コロナ用語の「次亜塩素酸」オノマトペでは分からない漢字の素晴らしさ 京大教授が語る

京大・安部教授/科学よもやま話

安部 武志 安部 武志
「次亜塩素酸」という言葉は漢字でこそ伝わると、安部教授は話す(kei u/stock.adobe.com)
「次亜塩素酸」という言葉は漢字でこそ伝わると、安部教授は話す(kei u/stock.adobe.com)

 もふもふは正義。これでニヤっとした人はラノベの異世界もの読み過ぎです。日本語が乱れてますね。という話をしたい訳ではなく、この“もふもふ”のような擬態語を「オノマトペ」というらしい。先日、テレビで聞いて、初めて知ったわと、奥さんに伝えたら呆れられました。常識らしいです。

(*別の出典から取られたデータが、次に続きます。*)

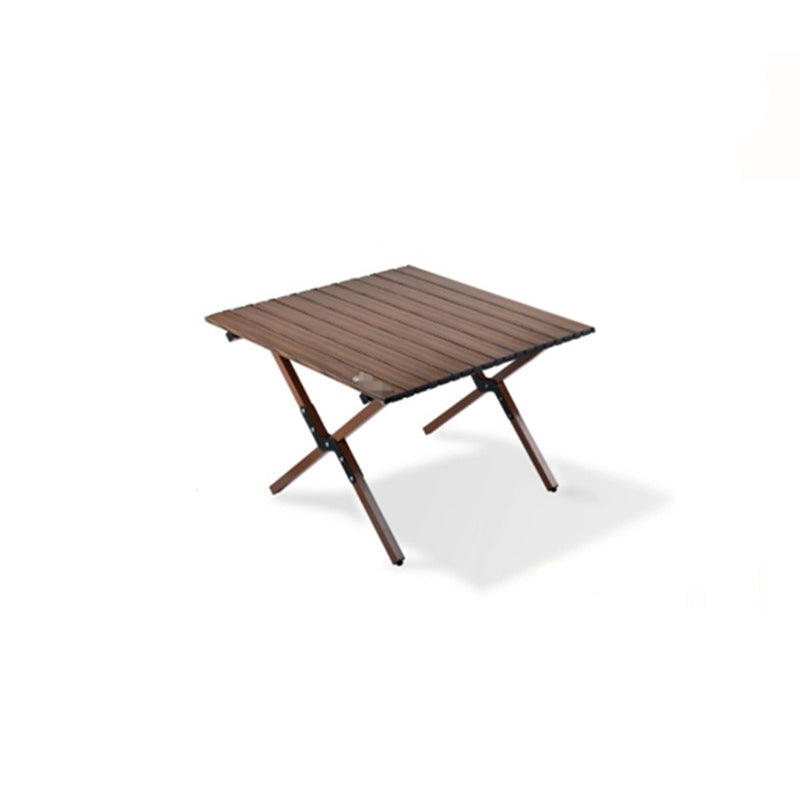 Moderne Minimalistisk Rektangel Karbonstål Utendørs Sammenleggbar Camping Kaffe Bord 1-Nivå For Hage | Skanto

 国語の授業で出てたらしい。いや、この51年聞いたことがないからね。調べました。英語の擬音語を意味する「onomatopoeia」が由来で、これをカタカナにしたようです。擬音語、擬態語でいいやんと思うのは僕だけでしょうか。やはり、漢字を当ててもらわないとピンと来ないし、頭に入ってこないですね。

 ようやくコロナの収束が見えてきましたが、まだまだ予断を許さない感じです。コロナの殺菌には次亜塩素酸が効くというニュースがありました。次亜塩素酸は酸化力が大きいので、コロナに効くかどうかはよく分かりませんが、殺菌能力は高いです。

 さて、次亜塩素酸とありますが、『次』、『亜』が気にならないでしょうか?この漢字を当てた人は素晴らしいですよ。『亜』も『次』、つまり2番目という意味があるので、次亜は、次の次になりますね。

 塩酸、硫酸は聞いたことがあると思いますが、塩素酸という『酸』があります。これは、「塩素」と「酸素」と「水素」から出来ているもので、塩素一つに対して酸素が三つ結合しています。これに水素で、HClO3という化学式になるのですが、これはおいといて。この塩素酸から一つ「酸素」を増やすと、過塩素酸、一つ減らすと、亜塩素酸、もう一つ減らして、次亜塩素酸です。

 なので、次亜塩素酸は塩素と酸素と水素が一つずつから出来ているものなんですね。ここから酸素を取ると、塩酸になります。これですよ。この漢字の素晴らしさ。漢字を見るだけで、なんとなくどのような物質から出来ているか分かりますよね。オノマトペでは分からないんです。